▶ **DATASET EXTRACT**

◇ ◇ ◇ ◇

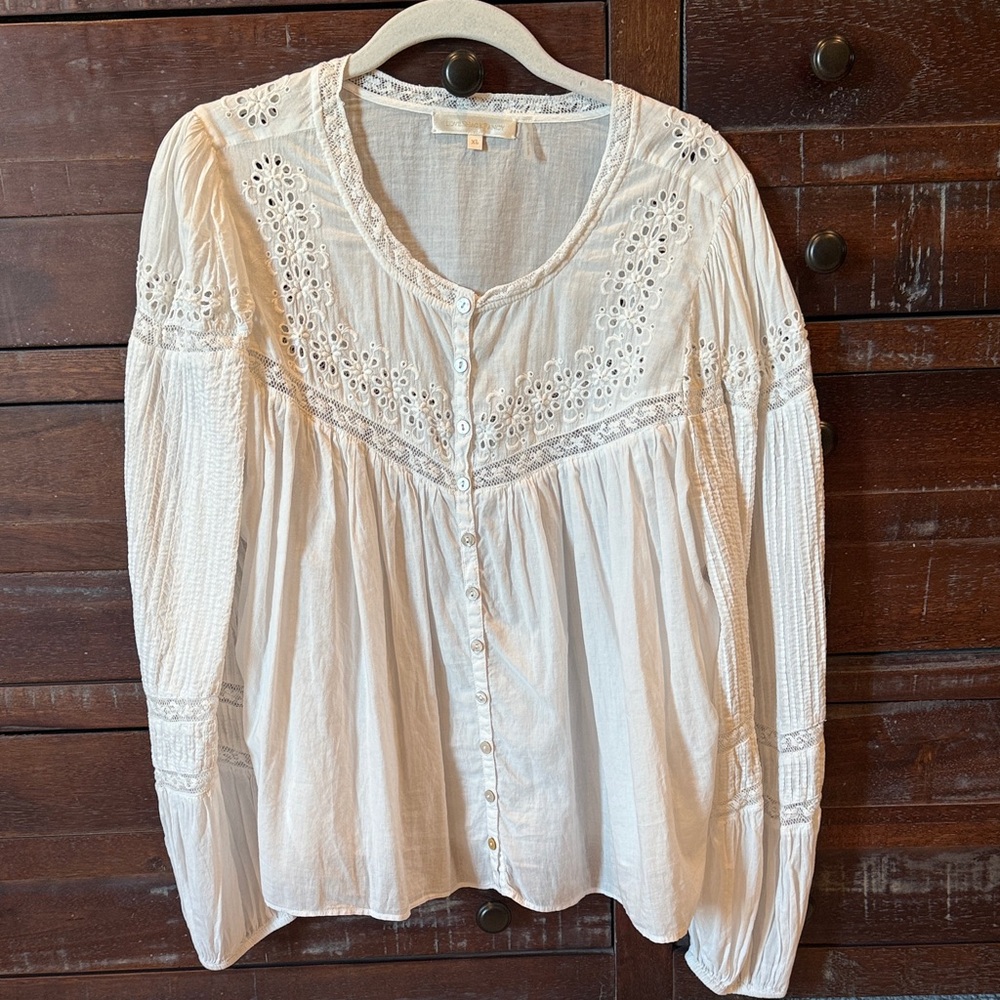 LoveShackFancy Eyelet Lace Top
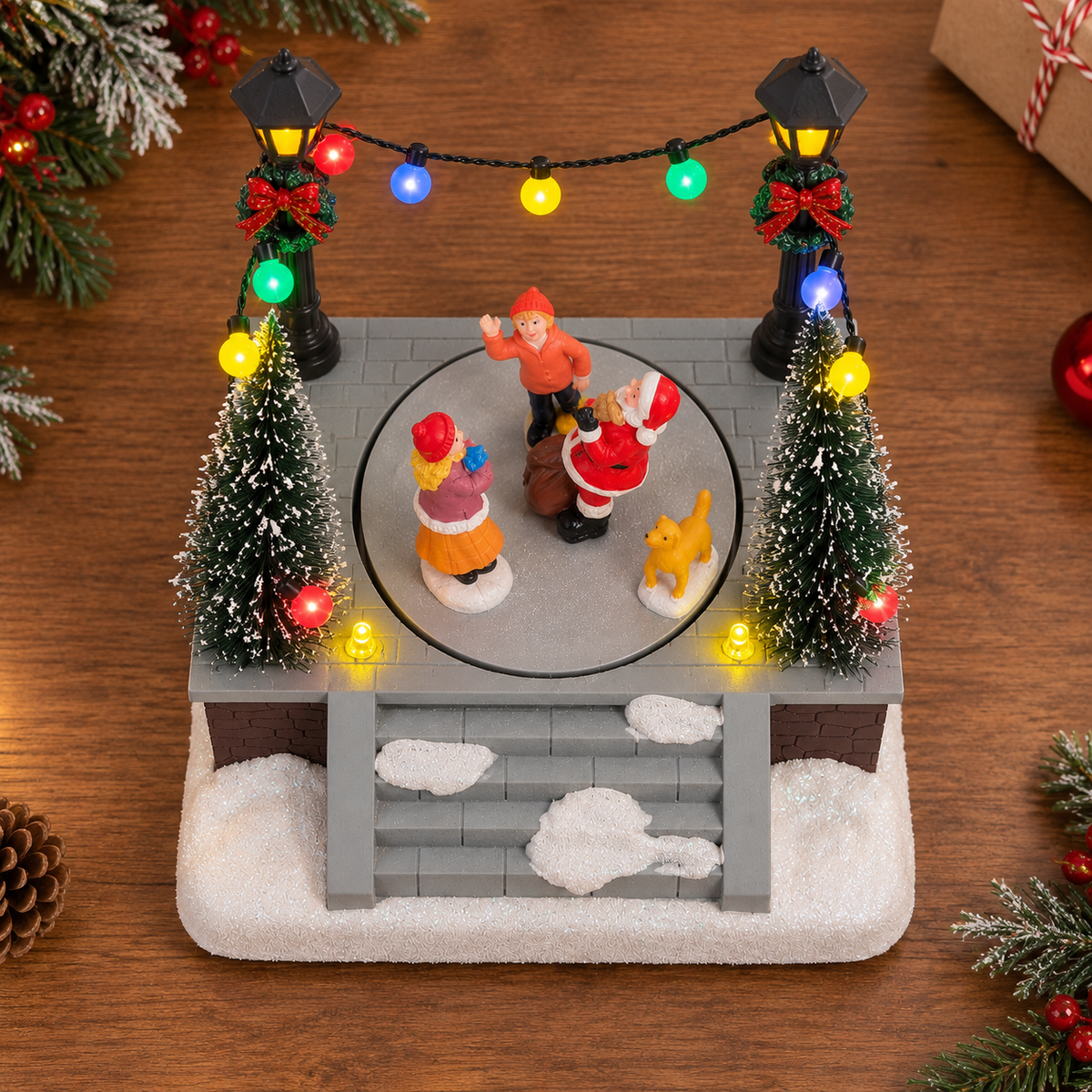 Santa's Rotating Plaza with Music & Lights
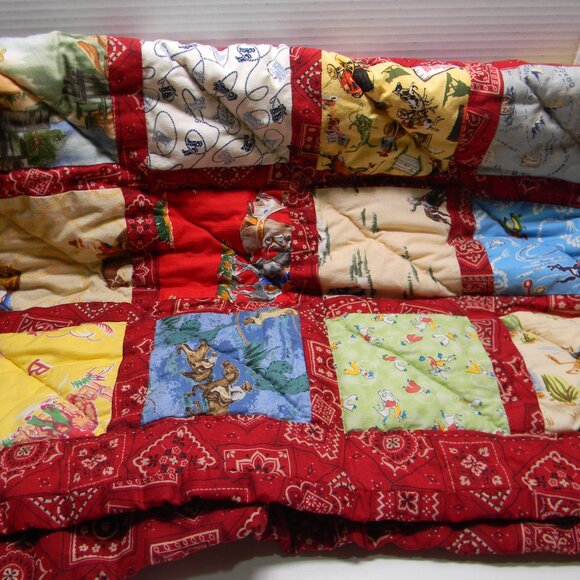 Hand Sewn Lap Quilt Cowboy Western Equestrian Baby Blanket Retro - Picture 2 of 6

◇ ◇ ◇ ◇

▶ **DESCRIPTION OF THE TASK**
Hand back every line of the material, exactly, without the pictures.

▶ **TASK ANSWER**
 LoveShackFancy Eyelet Lace Top
 Santa's Rotating Plaza with Music & Lights
 Hand Sewn Lap Quilt Cowboy Western Equestrian Baby Blanket Retro - Picture 2 of 6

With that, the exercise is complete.